To understand it, and acknowledge it, instead of getting mad at it, and trying to break it down. my closed door. woof.

Expand full comment

I relate to this need. It feels more like a need for solitude than privacy for me, but that closing off is so real.

Expand full comment

Ooooh, "the sanctity of interiority" -- I love this, and the rest of the poem. I didn't know interiority was a word, thank you for that! Can really relate with this in thinking of past relationships, one in particular. The more my alone time is perceived/treated as a threat, the more I need it.

Expand full comment

Thanks, Rebekah - and thanks for letting me know you found it relatable Interiority is a place I visit frequently, still. And for much of my life, it was the only place that felt private and safe. Grateful that I've learned other ways to set boundaries for myself.

Expand full comment

This is wonderful, Keith. I like the sweet flow you create with your different spacing, and the ending is quite nice "locking myself behind doors you will never ever see." The lines getting shorter and shorter works so well.

Expand full comment

Thanks so much, Larry :)

Expand full comment

Keith I too like the ending and the shrinking that happens. The words describe but so do the visible movement of them. The big exclamation point on the end,

Expand full comment

Thank you, Julie!

Expand full comment

windows that open

seem half size to doors that close.

getting smaller sucks.

Expand full comment

The small but mighty haiku. Love it.

Expand full comment

I like playing with those little word nuggets

Expand full comment

Me too :)

Expand full comment

I love the contrasting images of windows and doors and the subtle irony of your choice of form - a small haiku for a poem that bemoans getting smaller.

Expand full comment

Your doorway is my magic. (I am for sure one of the weird ones. 🧡) I can't figure out if I want to reorder the stanzas, so here it is:

I have touched magic,

felt its heart beat in my hand.

I've lifted its body from out of my own,

felt the weight of it.

I've dipped my toes into it and

felt the nibbles of life's hunger.

I've channeled it through my fingers,

felt it flow into thread, brush, and pen.
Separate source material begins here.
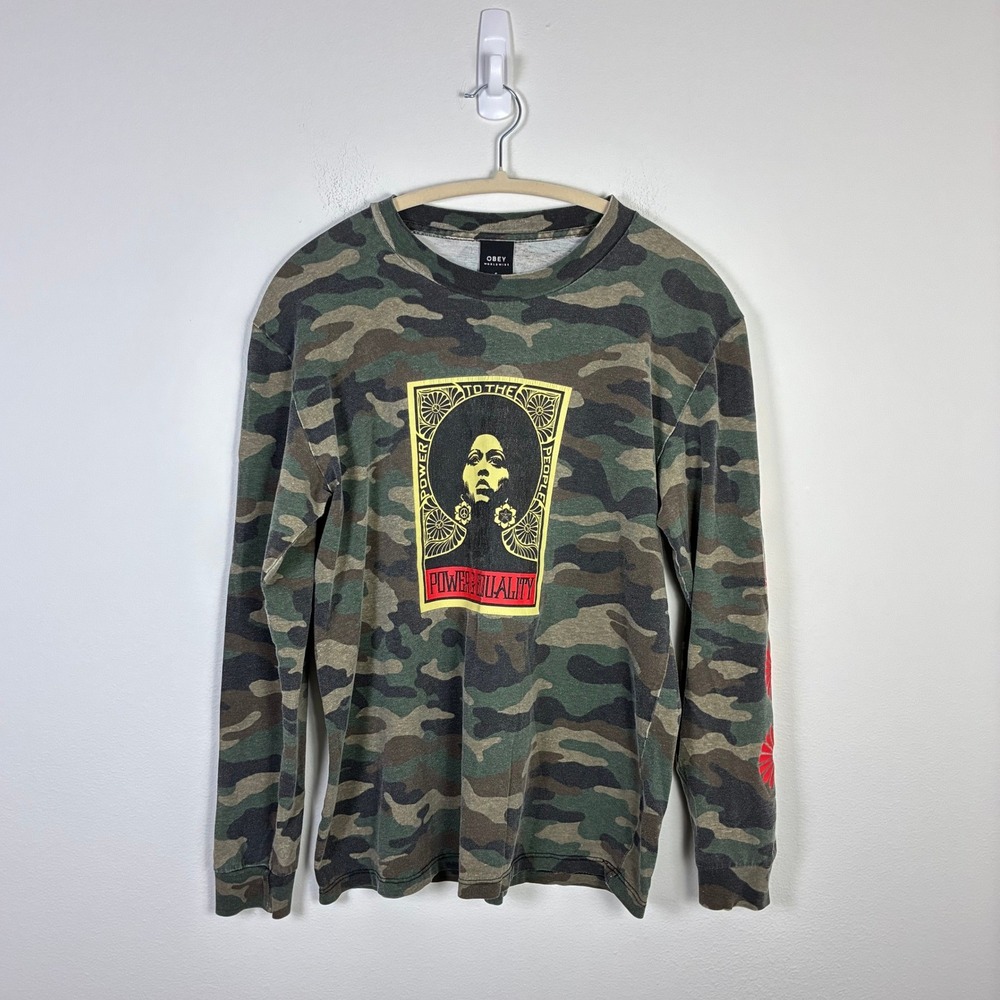 Obey Power Equality Camo Long Sleeve T Shirt Women's S Floral Graphic Streetwear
I've held my hand to my chest,

felt the thrum repeating:

alive, alive, alive.

.

I have witnessed magic,

watched it flit between branches.

I've been drawn toward its light,

watched it paint the world gold.

I've stopped in my tracks and

watched it run past into the woods.

I've seen it smiling wide,

watched it rest in creases beside eyes.

I've followed its dance with my gaze,

watched the movements repeating:

alive, alive, alive.

.

I have inhaled magic,

breathed in the day's bright beginning.

I've woken to it brewing,

breathed in the depths of its boldness.

I've scented it in salt air,

breathed in a bit of the sea.

I've caught it on the breeze,

breathed in its wild, changing nature.

I've welcomed and released,

breathed in and out repeating:

alive, alive, alive.

.

I have tasted magic,

savoured the flavours of love and home.

I've planted and watered and waited,

savoured the taste of my labour.

I've gone back for seconds,

savoured the nourishing of my self.

I've kept it on the tip of my tongue,

savoured its sweetness.

I've received its gentle kiss,

savoured the softness repeating:

alive, alive, alive.

.

I have heard magic,

listened as its laughter filled the room.
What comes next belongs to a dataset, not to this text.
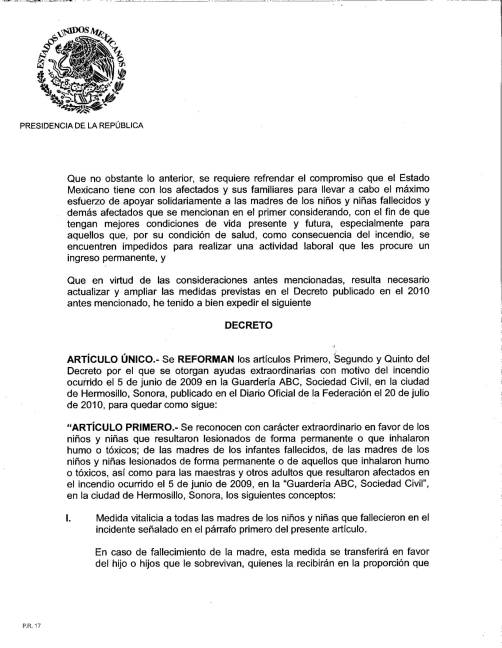 $!AMLO publicará decreto para dar pensión vitalicia a víctimas de Guardería ABC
I've turned my ear and squinted,

listened for its gurgles and babbling.

I've swayed tired as it fussed,

listened as the cries became sighing.

I've waited with quiet yearning,

listened breathless to the first I love you's.
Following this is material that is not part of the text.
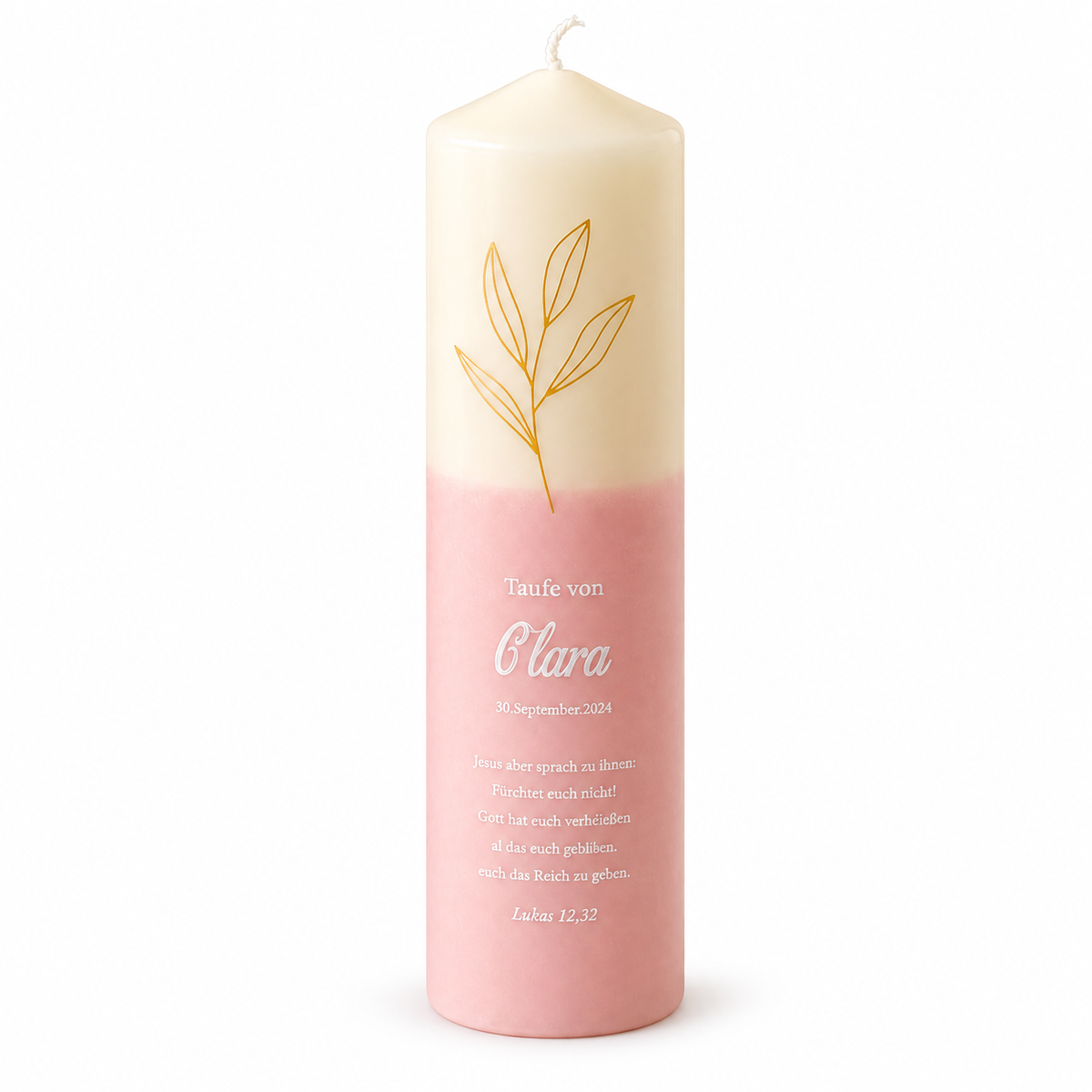 Vela de bautizo Olive Grace en tonos rubor y marfil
I've returned to its shores again and again

listened to the rush and roar repeating:

alive, alive, alive.

Expand full comment

A, this is gorgeous! I could feel the pulse of your words with each refrain - alive, alive, alive.

Expand full comment

This is exquisite, A! I love that you have carefully chosen such beautiful images in tribute to your experience of the magic of existence through each of your senses. And the recursion of "alive, alive, alive" did, as Lisa said, strike me as the pulse of life. Brilliant :)

Expand full comment

those first I love yous

Expand full comment

That was amazing. The entire poem was alive with motion and well, magic!

Expand full comment

Oooo love that you went through the different senses in how magic is perceived. Magical.

Expand full comment

This is a spectacualr poem, A. It is one of the most wonderful I have read in these spaces over the past 12 months. I love the refrain of "alive, alive, alive" and how you weave so many renderings, feelings and descriptions of magic so beautifully with imagery tied to nature and the sensuality of being human. This is an epic gem!

Expand full comment

Lisa thank you for your poem! And I love this topic of threshold and the liminal. After all my substack is entitled Liminal Walker Musings! I wrote this poem awhile back, here it is for you all today...

.

I am drawn to walk

shores of ebb and flow

Liminal tides that

wane only to grow

.

Two seemly opposing forces

in a death and birth dance

They morph and converge

as if in a trance

.

Matter now energy

energy now matter

Difference blurs

in an ongoing rapture

.

Deep in that opacity

appearances fall away

What is transpiring

is hard to convey

.

For behind the scenes

a masterpiece is painting

The landscape itself

is doing the creating

.

The strokes of Her brush

both shape and destroy

Its creativity’s playfulness

dancing with joy

.

It is in this liminal space

I am called to walk

To witness the magic

with the eyes of a hawk

.

For pure pleasure is unfurling

and it’s summoning me

Please join in delight

connect and you’ll see

.

Let go of the separation

take down the wall

I am coming to realize

I am that call

Expand full comment

Landscape as a joyful, playful creator! What a beautiful image, Julie.

Expand full comment

This is a lovely invitation, Julie. And I love the idea of the landscape herself doing the creating.

Expand full comment

I love the invitation to “join in delight”!

Expand full comment

I am that call! I love that!

Expand full comment

Julie, this is very wonderful! Your poems often feel like painting as poems, so beautifully drawn and written. The rhyming here is excellent, flowing and smooth. The last stanza is magic!

Expand full comment

Welcome to the Respite Room.

You have left What Was Before.

Come inside,

Rest your body,

Gather your thoughts,

Gaze out the window,

Dare to dream.

But be aware,

You cannot stay.

You have more to do,

With your wild and precious life,

Beyond these four walls.

I understand.

You like it here.

It is comfortable.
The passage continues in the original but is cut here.